**** Provided information ****
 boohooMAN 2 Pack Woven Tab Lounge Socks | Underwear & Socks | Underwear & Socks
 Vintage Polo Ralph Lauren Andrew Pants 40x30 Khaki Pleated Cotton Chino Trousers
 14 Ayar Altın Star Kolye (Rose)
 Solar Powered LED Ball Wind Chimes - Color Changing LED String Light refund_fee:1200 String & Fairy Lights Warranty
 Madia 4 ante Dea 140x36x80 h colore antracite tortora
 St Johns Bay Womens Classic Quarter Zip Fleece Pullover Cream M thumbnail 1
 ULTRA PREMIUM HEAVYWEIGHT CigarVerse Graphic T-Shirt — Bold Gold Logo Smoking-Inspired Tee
****
**** Provided information ****
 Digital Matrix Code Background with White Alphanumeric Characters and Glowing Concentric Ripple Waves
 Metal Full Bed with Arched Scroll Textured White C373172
****
## Your assignment
From the data above, reproduce word for word the lines running from the line with "boohooMAN 2 Pack" to the line with "ULTRA PREMIUM HEAVYWEIGHT", ends included.

## Solved problem
 boohooMAN 2 Pack Woven Tab Lounge Socks | Underwear & Socks | Underwear & Socks
 Vintage Polo Ralph Lauren Andrew Pants 40x30 Khaki Pleated Cotton Chino Trousers
 14 Ayar Altın Star Kolye (Rose)
 Solar Powered LED Ball Wind Chimes - Color Changing LED String Light refund_fee:1200 String & Fairy Lights Warranty
 Madia 4 ante Dea 140x36x80 h colore antracite tortora
 St Johns Bay Womens Classic Quarter Zip Fleece Pullover Cream M thumbnail 1
 ULTRA PREMIUM HEAVYWEIGHT CigarVerse Graphic T-Shirt — Bold Gold Logo Smoking-Inspired Tee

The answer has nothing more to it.